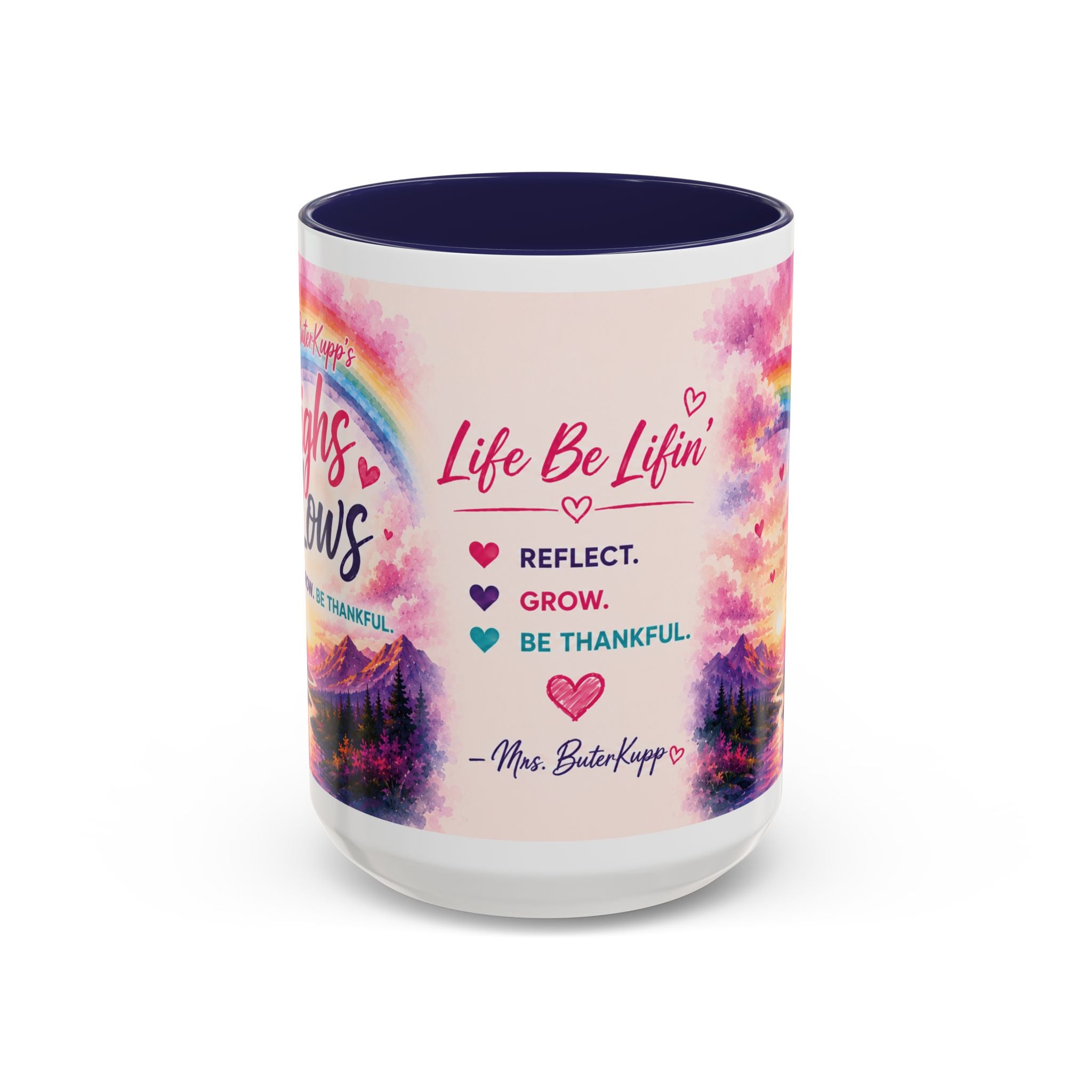 Mrs. ButerKupp's Coffee Mug — "Life Be Lifin'" Motivational Ceramic Mug (11/15oz)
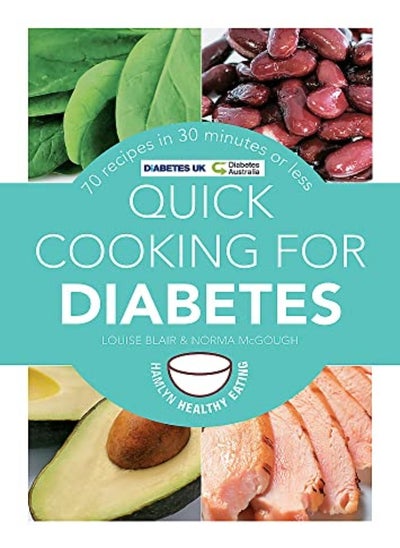 Buy Quick Cooking For Diabetes 70 Recipes In 30 Minutes Or Less by Blair, Louise - McGough, Norma Paperback in UAE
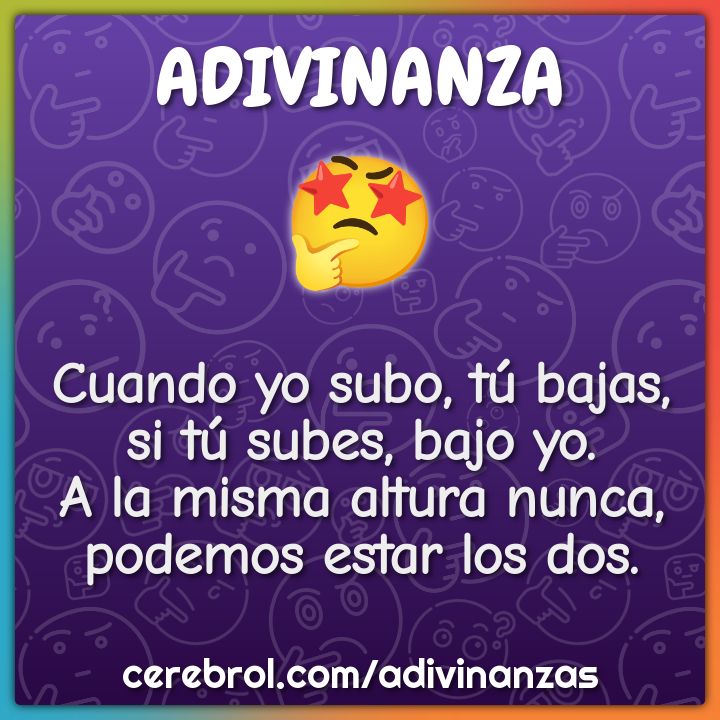 Cuando yo subo, tú bajas, si tú subes, bajo yo. A la misma altura...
────────────────────
◆ **Task goal**
The data is to be restated word for word, with any pictures set aside.

◆ **Problem solution**
 Mrs. ButerKupp's Coffee Mug — "Life Be Lifin'" Motivational Ceramic Mug (11/15oz)
 Buy Quick Cooking For Diabetes 70 Recipes In 30 Minutes Or Less by Blair, Louise - McGough, Norma Paperback in UAE
 Cuando yo subo, tú bajas, si tú subes, bajo yo. A la misma altura...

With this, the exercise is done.